• REQUIRED ACTION: Every line of the data, first to last, must be written out unchanged.

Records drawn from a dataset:

Content starts

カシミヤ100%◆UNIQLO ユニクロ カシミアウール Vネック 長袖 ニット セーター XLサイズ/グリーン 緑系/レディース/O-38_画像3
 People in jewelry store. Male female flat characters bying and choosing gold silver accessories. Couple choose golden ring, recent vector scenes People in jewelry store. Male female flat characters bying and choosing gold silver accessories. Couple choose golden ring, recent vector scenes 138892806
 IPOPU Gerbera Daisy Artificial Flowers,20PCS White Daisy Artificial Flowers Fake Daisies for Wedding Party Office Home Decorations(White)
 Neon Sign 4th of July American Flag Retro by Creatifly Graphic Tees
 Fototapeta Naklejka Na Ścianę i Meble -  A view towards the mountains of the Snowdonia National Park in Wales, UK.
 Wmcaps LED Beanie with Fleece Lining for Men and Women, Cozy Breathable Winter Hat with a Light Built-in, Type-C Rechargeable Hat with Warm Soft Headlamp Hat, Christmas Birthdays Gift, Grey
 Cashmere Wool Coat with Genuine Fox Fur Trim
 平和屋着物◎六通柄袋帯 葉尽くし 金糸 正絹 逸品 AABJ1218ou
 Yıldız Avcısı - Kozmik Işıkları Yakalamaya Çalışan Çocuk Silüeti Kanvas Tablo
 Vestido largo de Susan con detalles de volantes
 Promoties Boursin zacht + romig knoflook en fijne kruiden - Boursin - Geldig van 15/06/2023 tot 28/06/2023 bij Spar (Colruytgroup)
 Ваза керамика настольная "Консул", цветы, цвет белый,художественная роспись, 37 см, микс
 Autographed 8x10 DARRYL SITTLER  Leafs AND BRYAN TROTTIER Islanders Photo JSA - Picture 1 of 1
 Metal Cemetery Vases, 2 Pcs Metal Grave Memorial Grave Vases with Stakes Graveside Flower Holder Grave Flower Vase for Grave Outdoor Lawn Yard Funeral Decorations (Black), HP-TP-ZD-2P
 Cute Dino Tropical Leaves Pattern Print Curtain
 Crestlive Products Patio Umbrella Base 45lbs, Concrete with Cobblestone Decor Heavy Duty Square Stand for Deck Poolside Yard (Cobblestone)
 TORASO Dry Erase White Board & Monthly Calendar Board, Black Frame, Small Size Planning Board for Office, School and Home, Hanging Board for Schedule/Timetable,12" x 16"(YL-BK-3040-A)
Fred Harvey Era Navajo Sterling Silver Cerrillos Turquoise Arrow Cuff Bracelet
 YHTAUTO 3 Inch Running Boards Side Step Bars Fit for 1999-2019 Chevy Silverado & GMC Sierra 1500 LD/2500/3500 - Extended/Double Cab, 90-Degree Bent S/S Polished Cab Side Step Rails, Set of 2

Content ends

• OUTPUT:
カシミヤ100%◆UNIQLO ユニクロ カシミアウール Vネック 長袖 ニット セーター XLサイズ/グリーン 緑系/レディース/O-38_画像3
 People in jewelry store. Male female flat characters bying and choosing gold silver accessories. Couple choose golden ring, recent vector scenes People in jewelry store. Male female flat characters bying and choosing gold silver accessories. Couple choose golden ring, recent vector scenes 138892806
 IPOPU Gerbera Daisy Artificial Flowers,20PCS White Daisy Artificial Flowers Fake Daisies for Wedding Party Office Home Decorations(White)
 Neon Sign 4th of July American Flag Retro by Creatifly Graphic Tees
 Fototapeta Naklejka Na Ścianę i Meble -  A view towards the mountains of the Snowdonia National Park in Wales, UK.
 Wmcaps LED Beanie with Fleece Lining for Men and Women, Cozy Breathable Winter Hat with a Light Built-in, Type-C Rechargeable Hat with Warm Soft Headlamp Hat, Christmas Birthdays Gift, Grey
 Cashmere Wool Coat with Genuine Fox Fur Trim
 平和屋着物◎六通柄袋帯 葉尽くし 金糸 正絹 逸品 AABJ1218ou
 Yıldız Avcısı - Kozmik Işıkları Yakalamaya Çalışan Çocuk Silüeti Kanvas Tablo
 Vestido largo de Susan con detalles de volantes
 Promoties Boursin zacht + romig knoflook en fijne kruiden - Boursin - Geldig van 15/06/2023 tot 28/06/2023 bij Spar (Colruytgroup)
 Ваза керамика настольная "Консул", цветы, цвет белый,художественная роспись, 37 см, микс
 Autographed 8x10 DARRYL SITTLER  Leafs AND BRYAN TROTTIER Islanders Photo JSA - Picture 1 of 1
 Metal Cemetery Vases, 2 Pcs Metal Grave Memorial Grave Vases with Stakes Graveside Flower Holder Grave Flower Vase for Grave Outdoor Lawn Yard Funeral Decorations (Black), HP-TP-ZD-2P
 Cute Dino Tropical Leaves Pattern Print Curtain
 Crestlive Products Patio Umbrella Base 45lbs, Concrete with Cobblestone Decor Heavy Duty Square Stand for Deck Poolside Yard (Cobblestone)
 TORASO Dry Erase White Board & Monthly Calendar Board, Black Frame, Small Size Planning Board for Office, School and Home, Hanging Board for Schedule/Timetable,12" x 16"(YL-BK-3040-A)
Fred Harvey Era Navajo Sterling Silver Cerrillos Turquoise Arrow Cuff Bracelet
 YHTAUTO 3 Inch Running Boards Side Step Bars Fit for 1999-2019 Chevy Silverado & GMC Sierra 1500 LD/2500/3500 - Extended/Double Cab, 90-Degree Bent S/S Polished Cab Side Step Rails, Set of 2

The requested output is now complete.